John Hattie
My journey this morning takes me from identifying the relative power of the teacher, to a reflection the qualities of excellence among teachers, and dwells mainly on a study undertaken in the classroom of America’s very best teachers.
My search is driven by the goal of ascertaining the attributes of excellence – because if we can discover the location of these goal posts, if we can understand the height of the bar of the goal posts, we then have the basis for developing appropriate professional development, the basis for teacher education programs to highlight that which truly makes the difference, the basis for extolling that our profession truly does have recognisable excellence which can be identified in defensible ways, and the basis for a renewed focus on the success of our teachers to make the difference.

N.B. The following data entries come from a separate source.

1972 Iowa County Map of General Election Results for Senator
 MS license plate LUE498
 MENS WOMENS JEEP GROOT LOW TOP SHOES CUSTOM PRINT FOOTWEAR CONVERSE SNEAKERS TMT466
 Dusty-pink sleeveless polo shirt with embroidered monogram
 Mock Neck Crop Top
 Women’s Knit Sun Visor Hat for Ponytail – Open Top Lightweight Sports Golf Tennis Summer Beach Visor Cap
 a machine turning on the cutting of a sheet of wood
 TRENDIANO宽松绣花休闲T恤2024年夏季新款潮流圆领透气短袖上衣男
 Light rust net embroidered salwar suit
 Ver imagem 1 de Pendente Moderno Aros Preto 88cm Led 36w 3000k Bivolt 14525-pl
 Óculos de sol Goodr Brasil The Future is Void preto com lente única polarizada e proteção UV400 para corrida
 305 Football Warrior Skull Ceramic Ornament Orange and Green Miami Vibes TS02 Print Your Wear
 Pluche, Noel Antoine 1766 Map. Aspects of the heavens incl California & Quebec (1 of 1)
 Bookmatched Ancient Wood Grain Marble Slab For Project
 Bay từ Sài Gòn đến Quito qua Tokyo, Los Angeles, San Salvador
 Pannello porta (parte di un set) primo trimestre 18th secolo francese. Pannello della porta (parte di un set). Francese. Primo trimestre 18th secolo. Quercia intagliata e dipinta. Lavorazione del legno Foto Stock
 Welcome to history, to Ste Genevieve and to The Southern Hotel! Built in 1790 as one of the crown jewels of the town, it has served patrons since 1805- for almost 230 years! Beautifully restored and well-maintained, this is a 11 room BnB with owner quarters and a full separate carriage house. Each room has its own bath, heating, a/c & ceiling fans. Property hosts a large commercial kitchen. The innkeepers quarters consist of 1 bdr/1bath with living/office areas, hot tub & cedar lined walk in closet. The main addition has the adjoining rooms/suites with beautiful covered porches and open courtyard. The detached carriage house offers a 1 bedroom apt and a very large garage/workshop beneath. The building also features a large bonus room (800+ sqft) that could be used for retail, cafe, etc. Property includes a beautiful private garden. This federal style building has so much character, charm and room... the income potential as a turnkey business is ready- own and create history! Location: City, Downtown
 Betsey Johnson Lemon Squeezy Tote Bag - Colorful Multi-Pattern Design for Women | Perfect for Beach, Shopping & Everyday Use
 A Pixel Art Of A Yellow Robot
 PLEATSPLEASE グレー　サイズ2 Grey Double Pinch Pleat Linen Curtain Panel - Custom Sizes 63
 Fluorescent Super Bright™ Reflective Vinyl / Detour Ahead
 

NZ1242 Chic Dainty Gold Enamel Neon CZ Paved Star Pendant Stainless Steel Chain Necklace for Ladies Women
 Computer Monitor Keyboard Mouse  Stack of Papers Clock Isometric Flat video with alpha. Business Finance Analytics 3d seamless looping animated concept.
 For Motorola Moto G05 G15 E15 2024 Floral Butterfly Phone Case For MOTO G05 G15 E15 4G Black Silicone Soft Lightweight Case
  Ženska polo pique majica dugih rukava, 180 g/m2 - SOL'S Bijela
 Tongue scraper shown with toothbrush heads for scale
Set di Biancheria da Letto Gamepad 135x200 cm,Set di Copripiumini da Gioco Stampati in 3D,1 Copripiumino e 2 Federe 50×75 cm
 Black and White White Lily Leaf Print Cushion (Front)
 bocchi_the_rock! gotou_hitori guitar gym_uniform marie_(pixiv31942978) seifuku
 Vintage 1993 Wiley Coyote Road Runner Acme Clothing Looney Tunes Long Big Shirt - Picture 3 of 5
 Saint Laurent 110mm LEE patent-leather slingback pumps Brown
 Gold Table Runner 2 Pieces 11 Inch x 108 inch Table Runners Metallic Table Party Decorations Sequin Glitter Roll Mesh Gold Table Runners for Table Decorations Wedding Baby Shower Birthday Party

It has been noted in the USA in recent years, it is by such a focus on the attributes of excellent teachers that more faith is being restored in the public school system – which has taken a major bashing. The typical redress has been to devise so-called “idiot-proof” solutions where the proofing been to restrain the idiots to tight scripts – tighter curricula specification, prescribed textbooks, bounded structures of classrooms, scripts of the teaching act, and all this underpinned by a structure accountability.
The national testing movements have been introduced to ensure teachers teach the right stuff, concentrate on the right set of processes (those to pass pencil and paper tests), and then the best set of teaching activities to maximise this narrow form of achievement (i.e., lots of worksheets of mock multiple choice exams).